Only the lines from the one containing "Rare little 17th" through the end of the listing below are to be reproduced, exactly as they stand.

Start of Block

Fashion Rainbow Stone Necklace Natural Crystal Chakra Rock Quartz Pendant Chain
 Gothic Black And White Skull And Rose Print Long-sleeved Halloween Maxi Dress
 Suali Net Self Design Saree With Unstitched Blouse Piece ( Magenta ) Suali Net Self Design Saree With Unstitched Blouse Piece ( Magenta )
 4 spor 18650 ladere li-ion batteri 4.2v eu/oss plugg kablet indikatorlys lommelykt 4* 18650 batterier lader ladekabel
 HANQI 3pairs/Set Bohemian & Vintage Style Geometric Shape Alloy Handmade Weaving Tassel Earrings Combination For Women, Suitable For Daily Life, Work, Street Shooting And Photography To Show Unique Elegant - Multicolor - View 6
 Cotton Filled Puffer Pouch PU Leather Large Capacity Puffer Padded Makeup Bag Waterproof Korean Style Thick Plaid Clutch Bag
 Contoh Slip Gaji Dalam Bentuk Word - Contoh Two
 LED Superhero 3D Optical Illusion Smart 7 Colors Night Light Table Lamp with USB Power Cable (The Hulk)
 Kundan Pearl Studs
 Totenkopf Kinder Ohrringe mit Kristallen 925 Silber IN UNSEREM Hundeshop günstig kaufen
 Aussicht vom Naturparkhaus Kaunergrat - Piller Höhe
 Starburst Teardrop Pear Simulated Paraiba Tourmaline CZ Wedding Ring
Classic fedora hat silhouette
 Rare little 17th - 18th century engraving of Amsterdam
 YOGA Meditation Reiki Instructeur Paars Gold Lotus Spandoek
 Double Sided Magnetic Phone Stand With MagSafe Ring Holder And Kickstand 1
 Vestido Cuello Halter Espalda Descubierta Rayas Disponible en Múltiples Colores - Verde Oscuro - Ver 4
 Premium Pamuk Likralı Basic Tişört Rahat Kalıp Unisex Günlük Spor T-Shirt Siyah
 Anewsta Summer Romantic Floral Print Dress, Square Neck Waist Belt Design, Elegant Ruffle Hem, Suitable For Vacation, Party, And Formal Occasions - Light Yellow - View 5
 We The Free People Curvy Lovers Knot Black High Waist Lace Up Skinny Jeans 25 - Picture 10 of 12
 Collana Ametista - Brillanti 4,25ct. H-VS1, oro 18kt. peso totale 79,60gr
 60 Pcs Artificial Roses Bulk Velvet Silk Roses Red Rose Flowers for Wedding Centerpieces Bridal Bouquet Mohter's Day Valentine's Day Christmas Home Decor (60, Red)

End of Block

**ANSWER TO THE PROBLEM**.
 Rare little 17th - 18th century engraving of Amsterdam
 YOGA Meditation Reiki Instructeur Paars Gold Lotus Spandoek
 Double Sided Magnetic Phone Stand With MagSafe Ring Holder And Kickstand 1
 Vestido Cuello Halter Espalda Descubierta Rayas Disponible en Múltiples Colores - Verde Oscuro - Ver 4
 Premium Pamuk Likralı Basic Tişört Rahat Kalıp Unisex Günlük Spor T-Shirt Siyah
 Anewsta Summer Romantic Floral Print Dress, Square Neck Waist Belt Design, Elegant Ruffle Hem, Suitable For Vacation, Party, And Formal Occasions - Light Yellow - View 5
 We The Free People Curvy Lovers Knot Black High Waist Lace Up Skinny Jeans 25 - Picture 10 of 12
 Collana Ametista - Brillanti 4,25ct. H-VS1, oro 18kt. peso totale 79,60gr
 60 Pcs Artificial Roses Bulk Velvet Silk Roses Red Rose Flowers for Wedding Centerpieces Bridal Bouquet Mohter's Day Valentine's Day Christmas Home Decor (60, Red)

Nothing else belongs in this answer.